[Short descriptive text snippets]
● ● ● ●

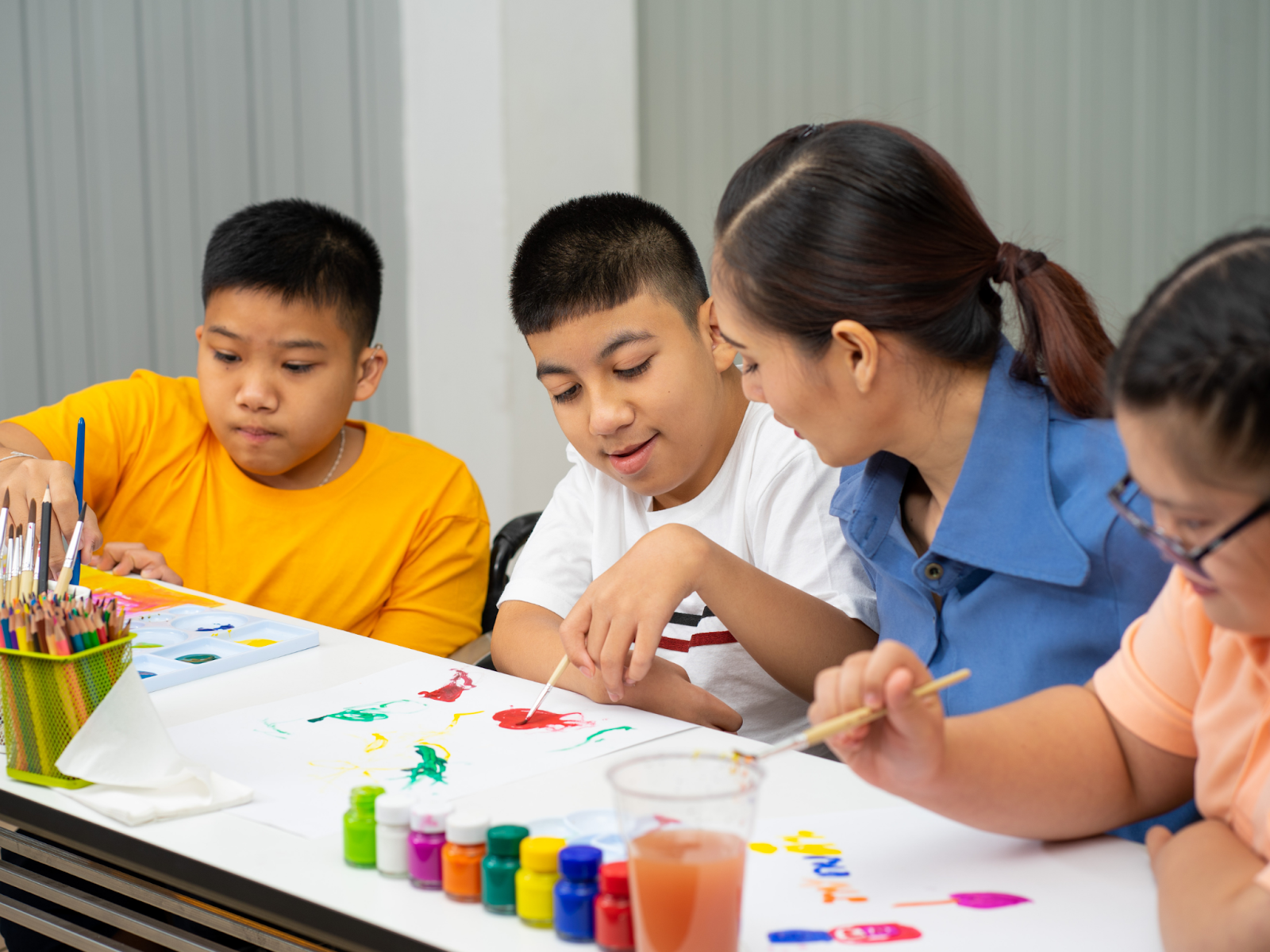 Four people sitting at a table painting together, one of whom is holding their arm in a “T-rex” position.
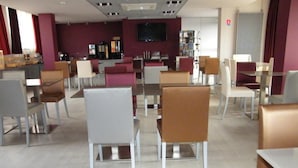 Un comedor moderno con varias mesas y sillas, un televisor de pantalla plana montado en la pared y una estantería al fondo.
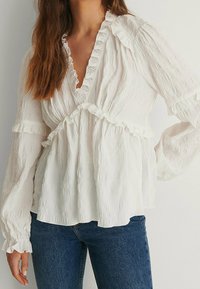 Blusa bianca a maniche lunghe con colletto e polsini arricciati, caratterizzata da un tessuto testurizzato e un design con vita arricciata. Abbinata a jeans blu.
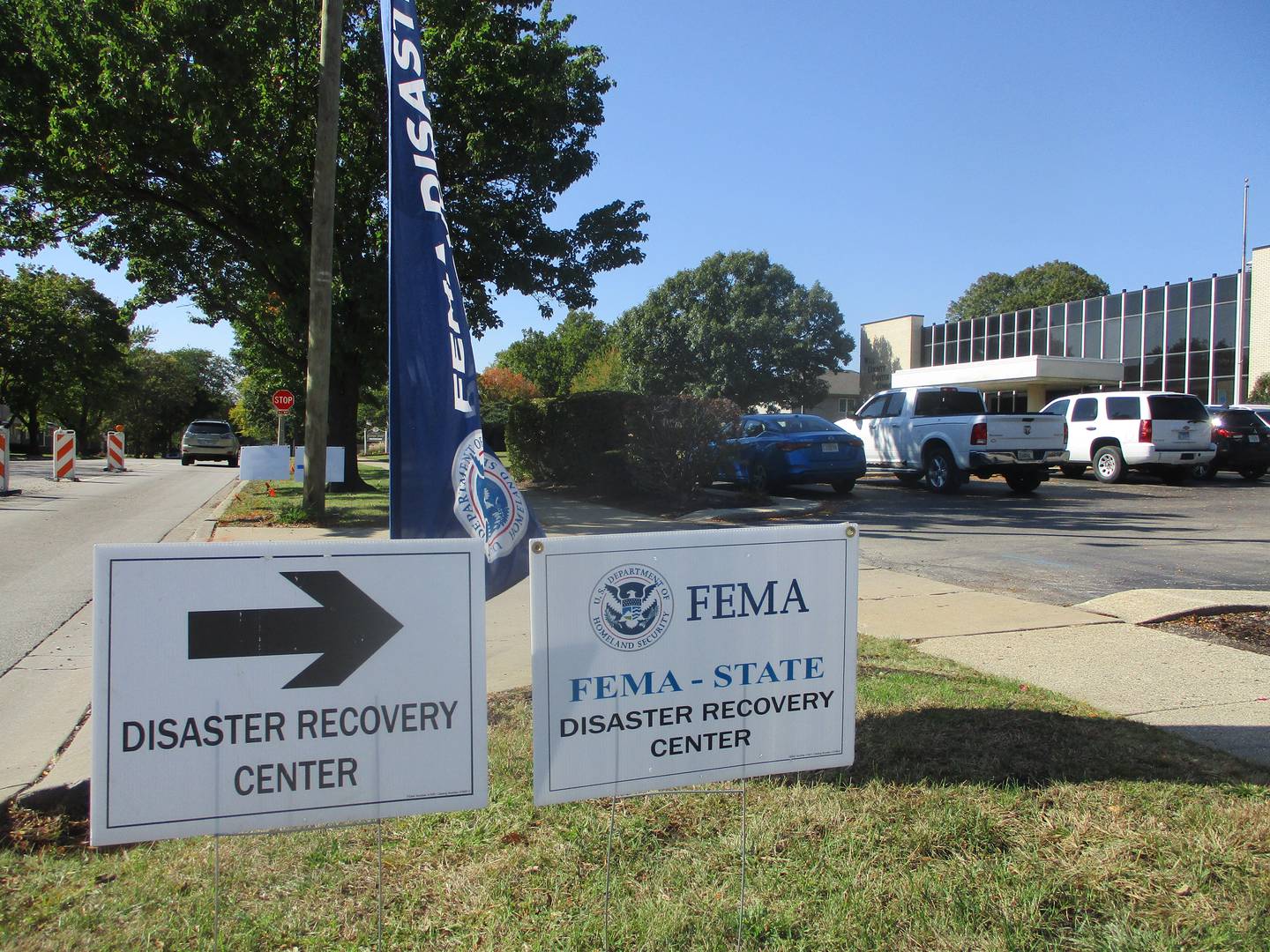 Signs and a banner point motorists to the location of the Federal Emergency Management Agency Disaster Recovery Center that opened Friday in the Will County Center for Community Concerns building at 2455 Glenwood Ave. in Joliet. Oct. 4, 2024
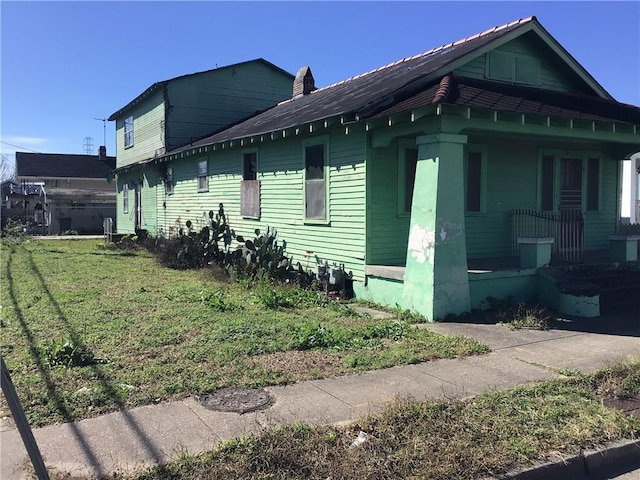 view of side of home featuring a porch, a yard, and a chimney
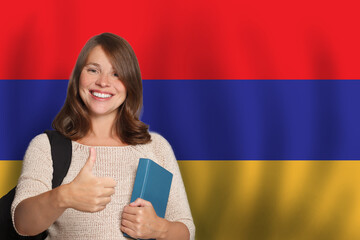 Happy woman student against Armenian flag background. Travel, education and learn language in...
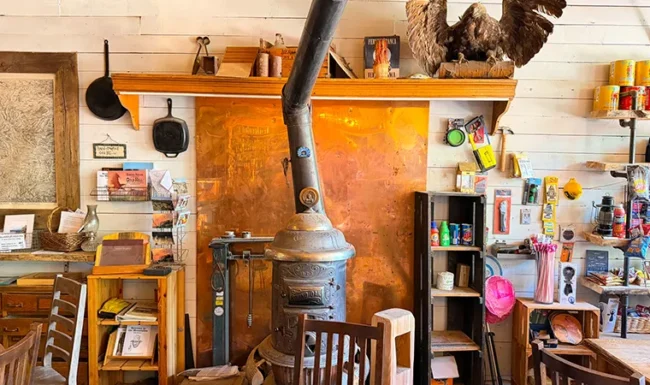 An ornate potbelly stove surrounded by cast-iron pans, books, and rustic decor inside Gold Hill General Store.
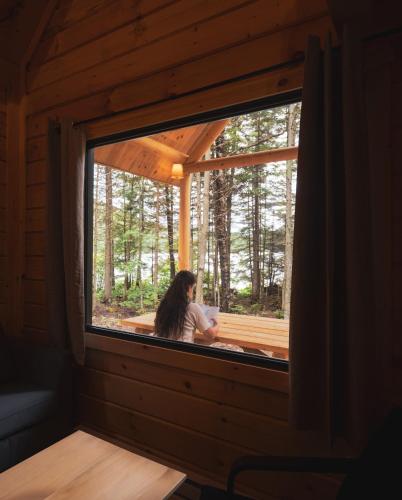 a woman is looking out of a window in a cabin at Huttopia Les Deux Lacs - Laurentides in Mont-Blanc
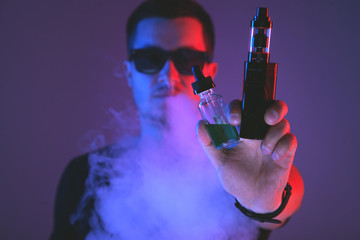 Vaping man with vaporizer and a cloud of vapor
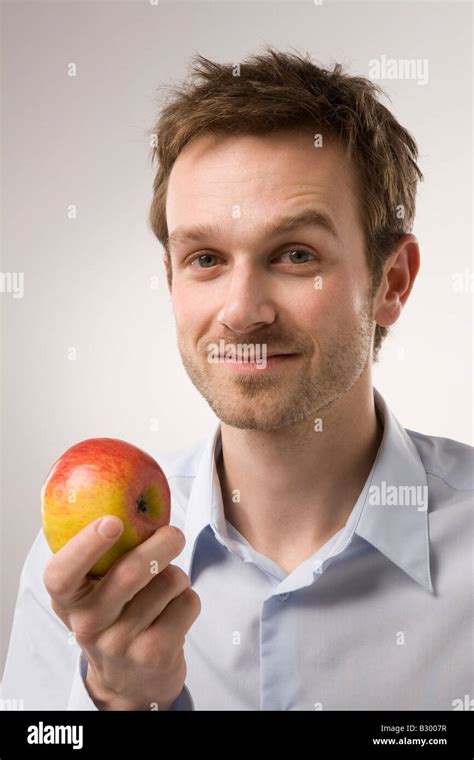 Portrait Of Man Holding Apple Stock Photo Alamy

● ● ● ●

* _Goal of the exercise_
Write out the records above exactly as they appear, leaving out any pictures.

* _Response to this exercise_
 Four people sitting at a table painting together, one of whom is holding their arm in a “T-rex” position.
 Un comedor moderno con varias mesas y sillas, un televisor de pantalla plana montado en la pared y una estantería al fondo.
 Blusa bianca a maniche lunghe con colletto e polsini arricciati, caratterizzata da un tessuto testurizzato e un design con vita arricciata. Abbinata a jeans blu.
 Signs and a banner point motorists to the location of the Federal Emergency Management Agency Disaster Recovery Center that opened Friday in the Will County Center for Community Concerns building at 2455 Glenwood Ave. in Joliet. Oct. 4, 2024
 view of side of home featuring a porch, a yard, and a chimney
 Happy woman student against Armenian flag background. Travel, education and learn language in...
 An ornate potbelly stove surrounded by cast-iron pans, books, and rustic decor inside Gold Hill General Store.
 a woman is looking out of a window in a cabin at Huttopia Les Deux Lacs - Laurentides in Mont-Blanc
 Vaping man with vaporizer and a cloud of vapor
 Portrait Of Man Holding Apple Stock Photo Alamy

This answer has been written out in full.